====== GIVEN RECORDS ======

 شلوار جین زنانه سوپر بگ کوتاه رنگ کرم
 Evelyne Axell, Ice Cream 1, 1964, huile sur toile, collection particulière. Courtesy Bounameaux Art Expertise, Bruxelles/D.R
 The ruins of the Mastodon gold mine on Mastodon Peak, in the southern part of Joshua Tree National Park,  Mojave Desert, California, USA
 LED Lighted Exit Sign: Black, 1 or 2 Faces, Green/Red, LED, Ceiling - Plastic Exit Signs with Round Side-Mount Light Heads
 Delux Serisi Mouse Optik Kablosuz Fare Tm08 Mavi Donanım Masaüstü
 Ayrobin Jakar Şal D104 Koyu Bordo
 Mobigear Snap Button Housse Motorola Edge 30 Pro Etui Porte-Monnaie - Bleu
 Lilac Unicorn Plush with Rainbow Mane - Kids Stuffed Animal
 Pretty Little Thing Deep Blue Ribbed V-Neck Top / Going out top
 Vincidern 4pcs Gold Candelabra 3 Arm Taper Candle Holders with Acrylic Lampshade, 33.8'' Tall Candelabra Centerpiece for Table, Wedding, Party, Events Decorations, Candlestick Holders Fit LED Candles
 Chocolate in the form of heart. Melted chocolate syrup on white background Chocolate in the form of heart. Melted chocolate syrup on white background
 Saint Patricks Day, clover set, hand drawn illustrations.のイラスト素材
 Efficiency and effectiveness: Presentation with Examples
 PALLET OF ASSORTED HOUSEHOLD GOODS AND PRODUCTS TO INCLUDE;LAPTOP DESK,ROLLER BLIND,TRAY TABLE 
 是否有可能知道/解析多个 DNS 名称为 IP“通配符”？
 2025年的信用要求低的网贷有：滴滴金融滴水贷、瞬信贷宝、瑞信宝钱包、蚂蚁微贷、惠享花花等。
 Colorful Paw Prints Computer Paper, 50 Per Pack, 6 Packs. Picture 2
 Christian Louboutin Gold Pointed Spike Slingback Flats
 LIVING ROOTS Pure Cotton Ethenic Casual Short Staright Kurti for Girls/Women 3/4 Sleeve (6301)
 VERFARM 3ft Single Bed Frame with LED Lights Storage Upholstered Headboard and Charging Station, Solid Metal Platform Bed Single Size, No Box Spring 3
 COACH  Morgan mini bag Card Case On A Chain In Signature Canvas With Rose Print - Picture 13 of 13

======

All lines from the one containing "Presentation with Examples" to the last line above should be reproduced exactly, and no other lines should be given.

 Efficiency and effectiveness: Presentation with Examples
 PALLET OF ASSORTED HOUSEHOLD GOODS AND PRODUCTS TO INCLUDE;LAPTOP DESK,ROLLER BLIND,TRAY TABLE 
 是否有可能知道/解析多个 DNS 名称为 IP“通配符”？
 2025年的信用要求低的网贷有：滴滴金融滴水贷、瞬信贷宝、瑞信宝钱包、蚂蚁微贷、惠享花花等。
 Colorful Paw Prints Computer Paper, 50 Per Pack, 6 Packs. Picture 2
 Christian Louboutin Gold Pointed Spike Slingback Flats
 LIVING ROOTS Pure Cotton Ethenic Casual Short Staright Kurti for Girls/Women 3/4 Sleeve (6301)
 VERFARM 3ft Single Bed Frame with LED Lights Storage Upholstered Headboard and Charging Station, Solid Metal Platform Bed Single Size, No Box Spring 3
 COACH  Morgan mini bag Card Case On A Chain In Signature Canvas With Rose Print - Picture 13 of 13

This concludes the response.